──────── Given material

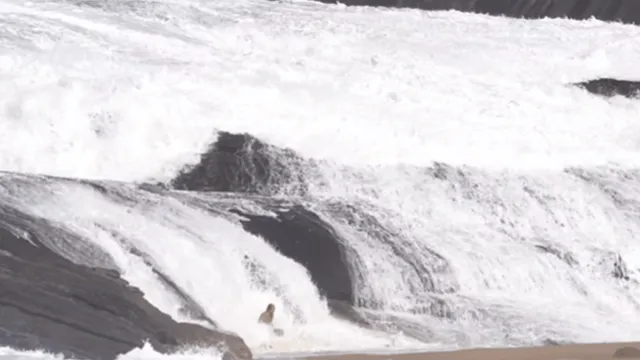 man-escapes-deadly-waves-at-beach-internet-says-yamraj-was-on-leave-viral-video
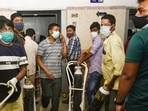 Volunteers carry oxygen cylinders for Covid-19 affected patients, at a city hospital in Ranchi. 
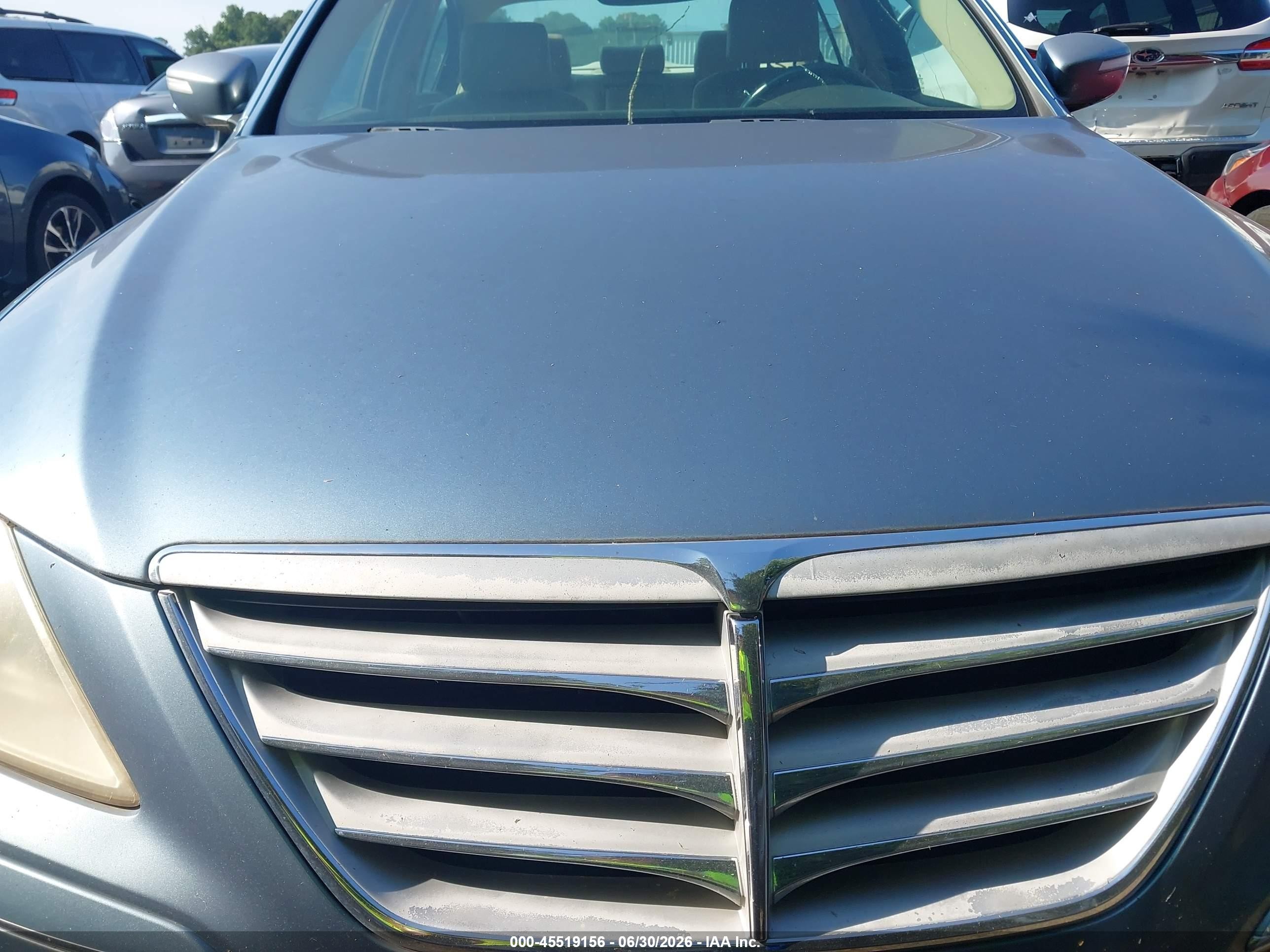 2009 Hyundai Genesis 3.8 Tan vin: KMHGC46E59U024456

────────────────

● **Brief**:
Leave the images out and transcribe the rest of the material exactly.

● **Output for this exercise**:
 man-escapes-deadly-waves-at-beach-internet-says-yamraj-was-on-leave-viral-video
 Volunteers carry oxygen cylinders for Covid-19 affected patients, at a city hospital in Ranchi. 
 2009 Hyundai Genesis 3.8 Tan vin: KMHGC46E59U024456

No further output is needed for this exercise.